TTV model: performing horizontal four-equal division and vertical four-equal division on the current CU, and respectively calculating to obtain the variance value of the residual values of the upper and lower four sub-blocks and the variance value of the residual values of the left and right four sub-blocks; then calculating the absolute value of the difference between the square difference values of the upper and lower four sub-blocks and the absolute value of the difference between the square difference values of the left and right four sub-blocks; extracting a comparison result of the current CU difference value, the maximum value of the left and right square sub-block variance values, the current QP value, the block ratio width of the current CU and the current depth as input information; and whether the cost value of the current partition is the lowest cost value of all partitions is used as a corresponding label.

As a preferred improvement of the present invention, the cost values include six cost values of quadtree partitioning, horizontal binary tree partitioning, vertical binary tree partitioning, horizontal ternary tree partitioning, and vertical ternary tree partitioning.

As a preferred refinement of the present invention, in step one, the quantization parameters QP are 22, 27, 32, and 37.

In a preferred improvement of the present invention, in the second step, the number of neurons in each layer of the bilayer fully-connected layer is 20.

As a preferred improvement of the present invention, in step three, the operation of improving the prediction accuracy of the neural network model specifically includes setting a decision to reduce the coding quality loss: and if the current CU horizontal partition is already skipped through the neural network prediction, the current CU vertical partition does not perform the neural network prediction any more.

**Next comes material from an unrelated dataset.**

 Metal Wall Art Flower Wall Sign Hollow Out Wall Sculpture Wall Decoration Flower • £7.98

The invention has the following beneficial effects:

1. the network model is simple, and the proportion of the total time coding time for network prediction of the four divided corresponding models can be ignored;

2. the network structure is two full-connection layers, the VVC test software can be directly embedded in the neural network, and the network calling complexity is reduced;

3. the decision threshold is adjustable, the balance between saving of coding time and increasing of coding code rate can be realized by adjusting the decision threshold, if a higher coding speed is required, a larger decision threshold can be set, and if a higher coding quality is required, the decision threshold can be reduced, and skipping of division is reduced.

[ description of the drawings ]

In order to more clearly illustrate the technical solutions in the embodiments of the present invention, the drawings needed to be used in the description of the embodiments are briefly introduced below, it is obvious that the drawings in the following description are only some embodiments of the present invention, and other drawings can be obtained by those skilled in the art without inventive efforts, wherein:

FIG. 1 is a diagram of six ways of partitioning a VVC multi-type tree;

FIG. 2 is a model training diagram of the VVC interframe CU partition early skipping method based on the lightweight neural network;

fig. 3 is an encoding flowchart of the VVC inter-frame CU partition early-skipping method based on the lightweight neural network of the present invention.

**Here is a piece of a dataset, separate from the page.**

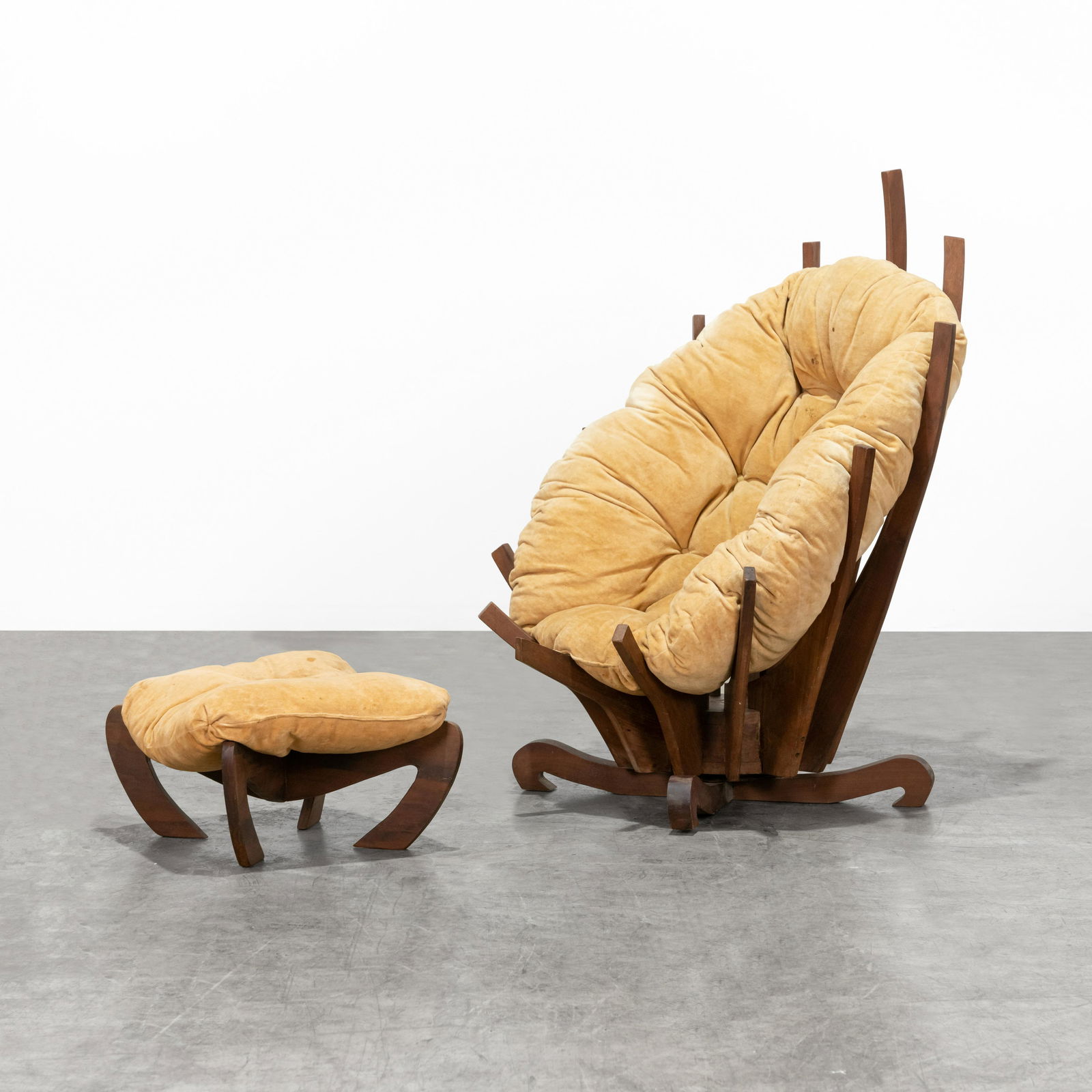 Warren Pardi - Lacuna Chair & Ottoman (1 of 11)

[ detailed description ] embodiments

The technical solutions in the embodiments of the present invention will be clearly and completely described below with reference to the drawings in the embodiments of the present invention, and it is obvious that the described embodiments are only a part of the embodiments of the present invention, and not all of the embodiments. All other embodiments, which can be obtained by a person skilled in the art without making any creative effort based on the embodiments in the present invention, belong to the protection scope of the present invention.

In addition, the technical solutions in the embodiments of the present invention may be combined with each other, but it must be based on the realization of the technical solutions by those skilled in the art, and when the technical solutions are contradictory to each other or cannot be realized, such a combination of the technical solutions should not be considered to exist, and is not within the protection scope of the present invention.

The invention provides a lightweight neural network-based VVC inter-frame CU partition skipping method in advance, which comprises the following steps of:

specifically, the quantization parameters QP are 22, 27, 32, and 37, and the data includes a comparison value of the difference between the variance values of the sub-blocks, a maximum value of the variance values of the sub-blocks, a QP value, a block ratio, and a depth.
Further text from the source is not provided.